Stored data
=== Begin Enclosure ===

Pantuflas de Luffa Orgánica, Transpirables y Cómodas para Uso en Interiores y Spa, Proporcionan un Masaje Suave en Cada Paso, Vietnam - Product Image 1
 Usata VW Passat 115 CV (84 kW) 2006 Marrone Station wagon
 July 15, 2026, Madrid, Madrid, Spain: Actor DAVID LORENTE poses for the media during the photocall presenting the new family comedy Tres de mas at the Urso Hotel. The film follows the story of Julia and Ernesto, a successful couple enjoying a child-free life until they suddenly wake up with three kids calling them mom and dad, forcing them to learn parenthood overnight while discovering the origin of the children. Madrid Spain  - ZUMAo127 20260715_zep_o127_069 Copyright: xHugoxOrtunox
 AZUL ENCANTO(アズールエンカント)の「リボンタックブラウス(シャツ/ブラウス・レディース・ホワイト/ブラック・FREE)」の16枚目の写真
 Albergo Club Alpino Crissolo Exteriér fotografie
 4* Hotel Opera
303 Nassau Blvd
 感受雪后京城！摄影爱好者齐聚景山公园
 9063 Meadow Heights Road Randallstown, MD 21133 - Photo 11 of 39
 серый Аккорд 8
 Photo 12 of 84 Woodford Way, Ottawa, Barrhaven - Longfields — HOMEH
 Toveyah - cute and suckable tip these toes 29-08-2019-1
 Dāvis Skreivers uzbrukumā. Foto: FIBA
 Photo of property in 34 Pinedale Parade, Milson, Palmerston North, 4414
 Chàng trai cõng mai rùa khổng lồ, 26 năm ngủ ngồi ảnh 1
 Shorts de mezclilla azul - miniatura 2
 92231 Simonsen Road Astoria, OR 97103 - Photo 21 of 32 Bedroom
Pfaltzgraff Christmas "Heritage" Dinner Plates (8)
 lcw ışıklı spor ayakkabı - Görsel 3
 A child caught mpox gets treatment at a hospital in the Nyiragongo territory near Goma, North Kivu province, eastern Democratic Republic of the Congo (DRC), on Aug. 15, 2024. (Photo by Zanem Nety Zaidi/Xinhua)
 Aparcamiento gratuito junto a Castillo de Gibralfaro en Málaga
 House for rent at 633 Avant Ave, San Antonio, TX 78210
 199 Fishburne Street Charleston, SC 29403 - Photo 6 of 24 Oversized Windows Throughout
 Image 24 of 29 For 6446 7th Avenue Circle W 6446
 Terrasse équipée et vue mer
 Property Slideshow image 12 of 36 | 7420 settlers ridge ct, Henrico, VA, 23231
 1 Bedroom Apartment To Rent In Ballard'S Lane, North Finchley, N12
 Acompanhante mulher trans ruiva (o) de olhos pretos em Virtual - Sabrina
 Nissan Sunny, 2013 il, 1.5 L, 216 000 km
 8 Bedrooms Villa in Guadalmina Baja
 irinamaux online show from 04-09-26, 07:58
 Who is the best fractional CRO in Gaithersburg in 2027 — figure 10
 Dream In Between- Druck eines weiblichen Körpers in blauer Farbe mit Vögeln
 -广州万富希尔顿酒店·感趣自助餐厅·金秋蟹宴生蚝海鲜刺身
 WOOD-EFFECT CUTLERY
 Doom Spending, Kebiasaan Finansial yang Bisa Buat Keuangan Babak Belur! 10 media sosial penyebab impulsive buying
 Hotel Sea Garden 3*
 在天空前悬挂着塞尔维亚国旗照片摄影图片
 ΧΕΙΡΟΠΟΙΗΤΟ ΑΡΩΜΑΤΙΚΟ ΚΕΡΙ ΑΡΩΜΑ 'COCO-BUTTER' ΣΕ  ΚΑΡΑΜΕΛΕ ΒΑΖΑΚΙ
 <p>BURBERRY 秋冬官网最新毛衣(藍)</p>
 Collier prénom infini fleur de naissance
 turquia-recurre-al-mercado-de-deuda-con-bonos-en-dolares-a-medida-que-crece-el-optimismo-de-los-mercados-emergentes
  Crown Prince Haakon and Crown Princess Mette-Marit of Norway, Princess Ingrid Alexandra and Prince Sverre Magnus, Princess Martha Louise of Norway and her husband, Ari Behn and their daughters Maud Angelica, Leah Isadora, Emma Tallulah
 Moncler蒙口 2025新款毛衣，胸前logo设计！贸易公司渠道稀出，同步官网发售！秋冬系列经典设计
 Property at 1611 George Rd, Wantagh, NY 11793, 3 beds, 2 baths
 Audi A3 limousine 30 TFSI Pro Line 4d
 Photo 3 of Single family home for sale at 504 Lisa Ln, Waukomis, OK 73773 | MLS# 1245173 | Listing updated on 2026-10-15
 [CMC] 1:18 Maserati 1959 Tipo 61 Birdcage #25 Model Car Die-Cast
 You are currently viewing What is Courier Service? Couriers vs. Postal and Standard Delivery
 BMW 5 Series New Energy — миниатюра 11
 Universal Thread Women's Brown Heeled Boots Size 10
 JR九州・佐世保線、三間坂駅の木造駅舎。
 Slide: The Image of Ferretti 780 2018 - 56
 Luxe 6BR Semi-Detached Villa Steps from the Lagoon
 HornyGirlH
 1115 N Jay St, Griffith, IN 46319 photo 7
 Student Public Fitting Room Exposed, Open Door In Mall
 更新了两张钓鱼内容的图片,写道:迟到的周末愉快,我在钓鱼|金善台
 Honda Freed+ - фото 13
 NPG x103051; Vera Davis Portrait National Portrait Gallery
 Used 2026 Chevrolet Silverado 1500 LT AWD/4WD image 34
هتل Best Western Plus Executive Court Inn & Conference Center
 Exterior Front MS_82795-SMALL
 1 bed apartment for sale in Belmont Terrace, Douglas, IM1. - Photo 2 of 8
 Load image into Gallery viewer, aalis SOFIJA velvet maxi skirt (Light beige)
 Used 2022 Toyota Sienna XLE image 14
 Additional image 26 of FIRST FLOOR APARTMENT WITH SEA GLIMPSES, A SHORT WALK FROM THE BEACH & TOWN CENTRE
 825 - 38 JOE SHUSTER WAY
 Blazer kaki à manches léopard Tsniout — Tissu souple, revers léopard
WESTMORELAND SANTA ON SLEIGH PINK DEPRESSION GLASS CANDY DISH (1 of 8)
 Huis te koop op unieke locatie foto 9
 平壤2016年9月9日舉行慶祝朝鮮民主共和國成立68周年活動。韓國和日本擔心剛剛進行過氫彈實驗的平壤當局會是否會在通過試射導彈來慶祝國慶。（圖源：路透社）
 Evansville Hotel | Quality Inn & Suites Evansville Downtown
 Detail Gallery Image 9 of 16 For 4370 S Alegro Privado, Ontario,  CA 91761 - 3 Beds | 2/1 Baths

=== End Enclosure ===

AIM OF THE TASK: Can you restate every record above word for word?

RESPONSE AREA:
Pantuflas de Luffa Orgánica, Transpirables y Cómodas para Uso en Interiores y Spa, Proporcionan un Masaje Suave en Cada Paso, Vietnam - Product Image 1
 Usata VW Passat 115 CV (84 kW) 2006 Marrone Station wagon
 July 15, 2026, Madrid, Madrid, Spain: Actor DAVID LORENTE poses for the media during the photocall presenting the new family comedy Tres de mas at the Urso Hotel. The film follows the story of Julia and Ernesto, a successful couple enjoying a child-free life until they suddenly wake up with three kids calling them mom and dad, forcing them to learn parenthood overnight while discovering the origin of the children. Madrid Spain  - ZUMAo127 20260715_zep_o127_069 Copyright: xHugoxOrtunox
 AZUL ENCANTO(アズールエンカント)の「リボンタックブラウス(シャツ/ブラウス・レディース・ホワイト/ブラック・FREE)」の16枚目の写真
 Albergo Club Alpino Crissolo Exteriér fotografie
 4* Hotel Opera
303 Nassau Blvd
 感受雪后京城！摄影爱好者齐聚景山公园
 9063 Meadow Heights Road Randallstown, MD 21133 - Photo 11 of 39
 серый Аккорд 8
 Photo 12 of 84 Woodford Way, Ottawa, Barrhaven - Longfields — HOMEH
 Toveyah - cute and suckable tip these toes 29-08-2019-1
 Dāvis Skreivers uzbrukumā. Foto: FIBA
 Photo of property in 34 Pinedale Parade, Milson, Palmerston North, 4414
 Chàng trai cõng mai rùa khổng lồ, 26 năm ngủ ngồi ảnh 1
 Shorts de mezclilla azul - miniatura 2
 92231 Simonsen Road Astoria, OR 97103 - Photo 21 of 32 Bedroom
Pfaltzgraff Christmas "Heritage" Dinner Plates (8)
 lcw ışıklı spor ayakkabı - Görsel 3
 A child caught mpox gets treatment at a hospital in the Nyiragongo territory near Goma, North Kivu province, eastern Democratic Republic of the Congo (DRC), on Aug. 15, 2024. (Photo by Zanem Nety Zaidi/Xinhua)
 Aparcamiento gratuito junto a Castillo de Gibralfaro en Málaga
 House for rent at 633 Avant Ave, San Antonio, TX 78210
 199 Fishburne Street Charleston, SC 29403 - Photo 6 of 24 Oversized Windows Throughout
 Image 24 of 29 For 6446 7th Avenue Circle W 6446
 Terrasse équipée et vue mer
 Property Slideshow image 12 of 36 | 7420 settlers ridge ct, Henrico, VA, 23231
 1 Bedroom Apartment To Rent In Ballard'S Lane, North Finchley, N12
 Acompanhante mulher trans ruiva (o) de olhos pretos em Virtual - Sabrina
 Nissan Sunny, 2013 il, 1.5 L, 216 000 km
 8 Bedrooms Villa in Guadalmina Baja
 irinamaux online show from 04-09-26, 07:58
 Who is the best fractional CRO in Gaithersburg in 2027 — figure 10
 Dream In Between- Druck eines weiblichen Körpers in blauer Farbe mit Vögeln
 -广州万富希尔顿酒店·感趣自助餐厅·金秋蟹宴生蚝海鲜刺身
 WOOD-EFFECT CUTLERY
 Doom Spending, Kebiasaan Finansial yang Bisa Buat Keuangan Babak Belur! 10 media sosial penyebab impulsive buying
 Hotel Sea Garden 3*
 在天空前悬挂着塞尔维亚国旗照片摄影图片
 ΧΕΙΡΟΠΟΙΗΤΟ ΑΡΩΜΑΤΙΚΟ ΚΕΡΙ ΑΡΩΜΑ 'COCO-BUTTER' ΣΕ  ΚΑΡΑΜΕΛΕ ΒΑΖΑΚΙ
 <p>BURBERRY 秋冬官网最新毛衣(藍)</p>
 Collier prénom infini fleur de naissance
 turquia-recurre-al-mercado-de-deuda-con-bonos-en-dolares-a-medida-que-crece-el-optimismo-de-los-mercados-emergentes
  Crown Prince Haakon and Crown Princess Mette-Marit of Norway, Princess Ingrid Alexandra and Prince Sverre Magnus, Princess Martha Louise of Norway and her husband, Ari Behn and their daughters Maud Angelica, Leah Isadora, Emma Tallulah
 Moncler蒙口 2025新款毛衣，胸前logo设计！贸易公司渠道稀出，同步官网发售！秋冬系列经典设计
 Property at 1611 George Rd, Wantagh, NY 11793, 3 beds, 2 baths
 Audi A3 limousine 30 TFSI Pro Line 4d
 Photo 3 of Single family home for sale at 504 Lisa Ln, Waukomis, OK 73773 | MLS# 1245173 | Listing updated on 2026-10-15
 [CMC] 1:18 Maserati 1959 Tipo 61 Birdcage #25 Model Car Die-Cast
 You are currently viewing What is Courier Service? Couriers vs. Postal and Standard Delivery
 BMW 5 Series New Energy — миниатюра 11
 Universal Thread Women's Brown Heeled Boots Size 10
 JR九州・佐世保線、三間坂駅の木造駅舎。
 Slide: The Image of Ferretti 780 2018 - 56
 Luxe 6BR Semi-Detached Villa Steps from the Lagoon
 HornyGirlH
 1115 N Jay St, Griffith, IN 46319 photo 7
 Student Public Fitting Room Exposed, Open Door In Mall
 更新了两张钓鱼内容的图片,写道:迟到的周末愉快,我在钓鱼|金善台
 Honda Freed+ - фото 13
 NPG x103051; Vera Davis Portrait National Portrait Gallery
 Used 2026 Chevrolet Silverado 1500 LT AWD/4WD image 34
هتل Best Western Plus Executive Court Inn & Conference Center
 Exterior Front MS_82795-SMALL
 1 bed apartment for sale in Belmont Terrace, Douglas, IM1. - Photo 2 of 8
 Load image into Gallery viewer, aalis SOFIJA velvet maxi skirt (Light beige)
 Used 2022 Toyota Sienna XLE image 14
 Additional image 26 of FIRST FLOOR APARTMENT WITH SEA GLIMPSES, A SHORT WALK FROM THE BEACH & TOWN CENTRE
 825 - 38 JOE SHUSTER WAY
 Blazer kaki à manches léopard Tsniout — Tissu souple, revers léopard
WESTMORELAND SANTA ON SLEIGH PINK DEPRESSION GLASS CANDY DISH (1 of 8)
 Huis te koop op unieke locatie foto 9
 平壤2016年9月9日舉行慶祝朝鮮民主共和國成立68周年活動。韓國和日本擔心剛剛進行過氫彈實驗的平壤當局會是否會在通過試射導彈來慶祝國慶。（圖源：路透社）
 Evansville Hotel | Quality Inn & Suites Evansville Downtown
 Detail Gallery Image 9 of 16 For 4370 S Alegro Privado, Ontario,  CA 91761 - 3 Beds | 2/1 Baths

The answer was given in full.